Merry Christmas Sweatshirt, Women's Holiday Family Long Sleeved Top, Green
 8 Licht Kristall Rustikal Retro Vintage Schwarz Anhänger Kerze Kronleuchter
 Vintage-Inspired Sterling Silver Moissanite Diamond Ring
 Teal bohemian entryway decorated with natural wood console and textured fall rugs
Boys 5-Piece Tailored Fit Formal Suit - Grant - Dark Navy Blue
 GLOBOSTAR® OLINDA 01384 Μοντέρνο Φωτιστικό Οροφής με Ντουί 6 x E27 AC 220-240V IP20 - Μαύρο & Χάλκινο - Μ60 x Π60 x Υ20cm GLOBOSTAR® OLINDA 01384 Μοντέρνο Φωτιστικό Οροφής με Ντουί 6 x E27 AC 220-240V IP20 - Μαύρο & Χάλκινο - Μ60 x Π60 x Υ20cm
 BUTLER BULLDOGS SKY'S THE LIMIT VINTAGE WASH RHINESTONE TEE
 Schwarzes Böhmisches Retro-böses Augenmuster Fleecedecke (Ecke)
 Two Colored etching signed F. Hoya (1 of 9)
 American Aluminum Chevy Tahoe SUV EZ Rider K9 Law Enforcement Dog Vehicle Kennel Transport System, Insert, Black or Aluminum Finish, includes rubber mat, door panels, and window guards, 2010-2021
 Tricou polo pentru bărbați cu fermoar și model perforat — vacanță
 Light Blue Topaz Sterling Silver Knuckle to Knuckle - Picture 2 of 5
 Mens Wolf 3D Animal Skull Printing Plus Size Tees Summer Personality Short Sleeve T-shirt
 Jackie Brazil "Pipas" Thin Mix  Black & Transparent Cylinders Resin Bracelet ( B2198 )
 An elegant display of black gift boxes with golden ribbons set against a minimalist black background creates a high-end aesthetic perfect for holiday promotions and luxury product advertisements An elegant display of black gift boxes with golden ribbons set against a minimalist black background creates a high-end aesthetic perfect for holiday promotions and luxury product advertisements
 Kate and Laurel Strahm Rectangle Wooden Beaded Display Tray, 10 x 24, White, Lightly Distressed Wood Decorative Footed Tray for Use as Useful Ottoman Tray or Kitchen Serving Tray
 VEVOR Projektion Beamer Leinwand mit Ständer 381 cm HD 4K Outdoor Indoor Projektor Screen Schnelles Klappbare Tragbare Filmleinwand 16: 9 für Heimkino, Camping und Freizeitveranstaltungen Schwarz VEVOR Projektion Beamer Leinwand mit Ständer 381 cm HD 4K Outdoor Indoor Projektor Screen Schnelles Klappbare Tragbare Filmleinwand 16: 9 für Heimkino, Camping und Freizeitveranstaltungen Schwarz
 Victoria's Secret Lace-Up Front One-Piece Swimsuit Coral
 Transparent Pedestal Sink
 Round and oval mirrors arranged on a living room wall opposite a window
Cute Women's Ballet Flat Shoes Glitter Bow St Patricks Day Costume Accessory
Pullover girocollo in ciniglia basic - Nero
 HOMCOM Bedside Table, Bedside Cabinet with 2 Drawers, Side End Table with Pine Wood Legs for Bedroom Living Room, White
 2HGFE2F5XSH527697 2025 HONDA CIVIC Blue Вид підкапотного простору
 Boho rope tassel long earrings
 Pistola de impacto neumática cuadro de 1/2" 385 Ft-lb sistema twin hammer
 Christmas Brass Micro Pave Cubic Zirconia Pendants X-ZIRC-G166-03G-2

^^^^

● **Exercise prompt**
Reproduce the entries exactly, but only from their first line to the line holding "Bracelet ( B2198 )", with that last line kept.

● **Finished exercise**
Merry Christmas Sweatshirt, Women's Holiday Family Long Sleeved Top, Green
 8 Licht Kristall Rustikal Retro Vintage Schwarz Anhänger Kerze Kronleuchter
 Vintage-Inspired Sterling Silver Moissanite Diamond Ring
 Teal bohemian entryway decorated with natural wood console and textured fall rugs
Boys 5-Piece Tailored Fit Formal Suit - Grant - Dark Navy Blue
 GLOBOSTAR® OLINDA 01384 Μοντέρνο Φωτιστικό Οροφής με Ντουί 6 x E27 AC 220-240V IP20 - Μαύρο & Χάλκινο - Μ60 x Π60 x Υ20cm GLOBOSTAR® OLINDA 01384 Μοντέρνο Φωτιστικό Οροφής με Ντουί 6 x E27 AC 220-240V IP20 - Μαύρο & Χάλκινο - Μ60 x Π60 x Υ20cm
 BUTLER BULLDOGS SKY'S THE LIMIT VINTAGE WASH RHINESTONE TEE
 Schwarzes Böhmisches Retro-böses Augenmuster Fleecedecke (Ecke)
 Two Colored etching signed F. Hoya (1 of 9)
 American Aluminum Chevy Tahoe SUV EZ Rider K9 Law Enforcement Dog Vehicle Kennel Transport System, Insert, Black or Aluminum Finish, includes rubber mat, door panels, and window guards, 2010-2021
 Tricou polo pentru bărbați cu fermoar și model perforat — vacanță
 Light Blue Topaz Sterling Silver Knuckle to Knuckle - Picture 2 of 5
 Mens Wolf 3D Animal Skull Printing Plus Size Tees Summer Personality Short Sleeve T-shirt
 Jackie Brazil "Pipas" Thin Mix  Black & Transparent Cylinders Resin Bracelet ( B2198 )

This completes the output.